> [TASK MATERIAL]
-- -- --

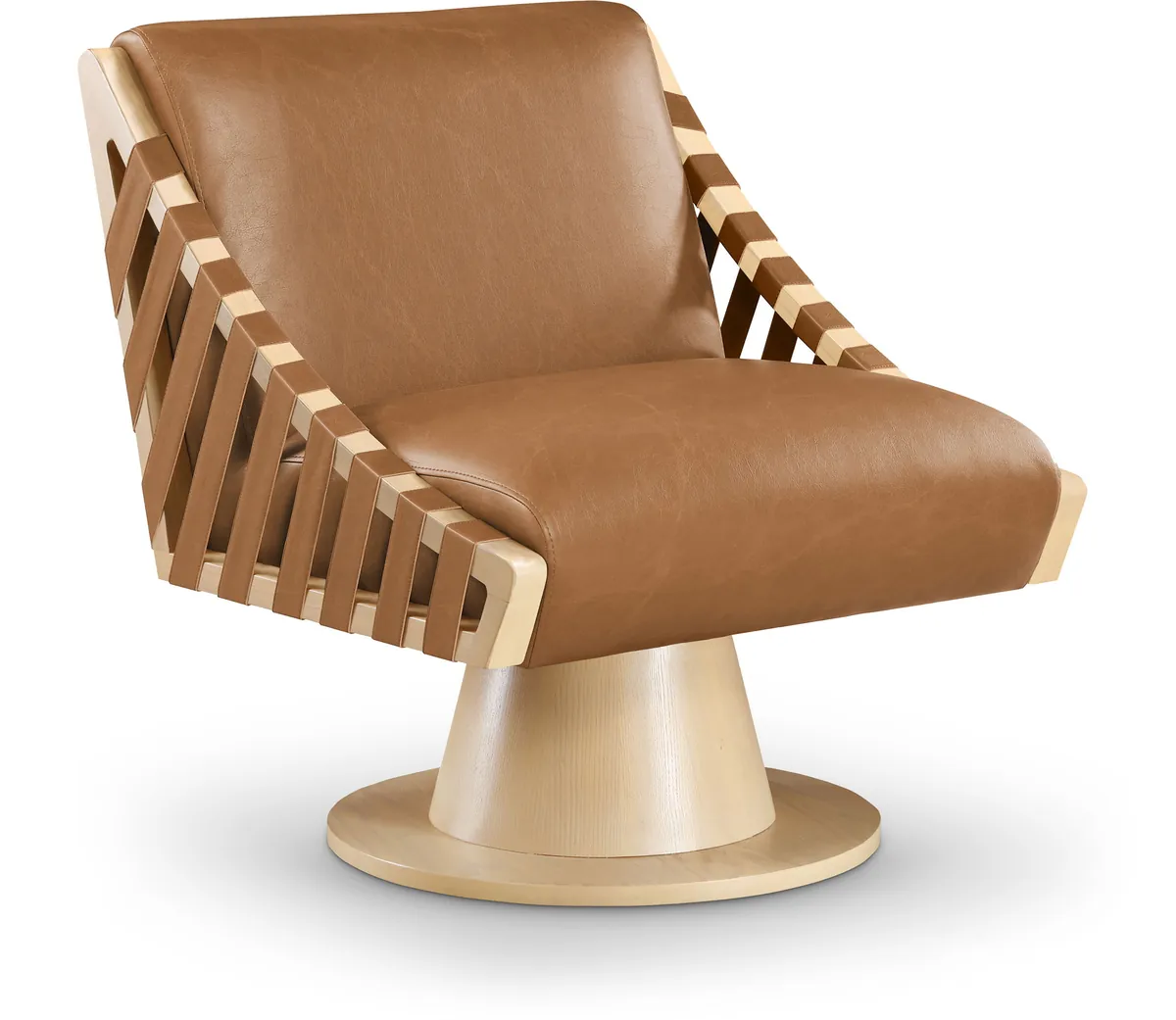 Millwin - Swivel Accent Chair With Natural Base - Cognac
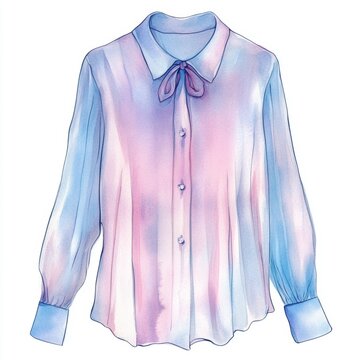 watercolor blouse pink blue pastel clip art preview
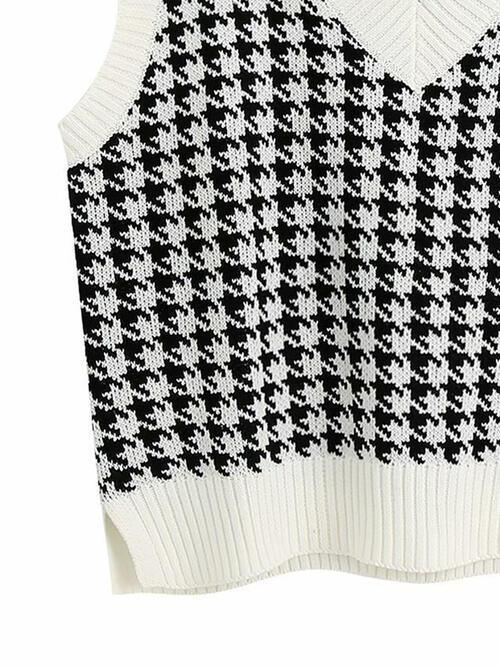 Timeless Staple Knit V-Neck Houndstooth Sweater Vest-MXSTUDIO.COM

-- -- --

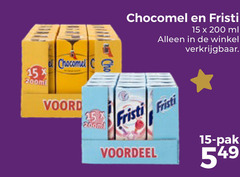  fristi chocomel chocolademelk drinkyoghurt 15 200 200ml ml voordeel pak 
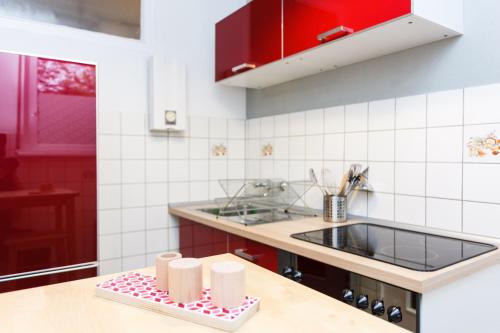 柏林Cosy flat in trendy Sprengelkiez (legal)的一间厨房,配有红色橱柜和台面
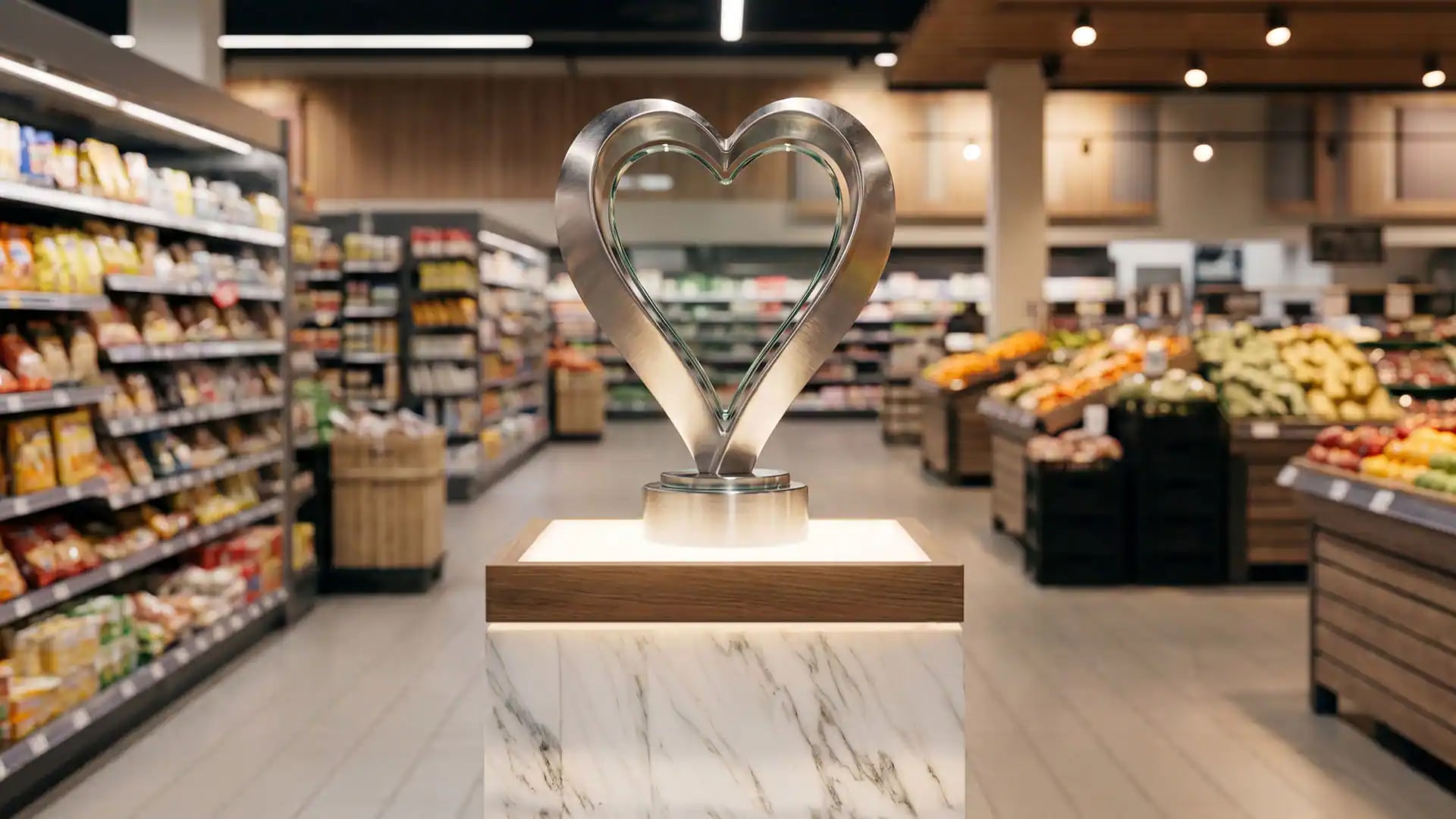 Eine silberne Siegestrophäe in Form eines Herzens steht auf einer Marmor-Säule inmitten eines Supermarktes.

-- -- --

> [TASK GOAL] Quote the data above exactly from the line with "柏林Cosy flat in" to the line with "Eine silberne Siegestrophäe", both ends counted, and nothing else. Pictures don't go in.

> [RESULT]
 柏林Cosy flat in trendy Sprengelkiez (legal)的一间厨房,配有红色橱柜和台面
 Eine silberne Siegestrophäe in Form eines Herzens steht auf einer Marmor-Säule inmitten eines Supermarktes.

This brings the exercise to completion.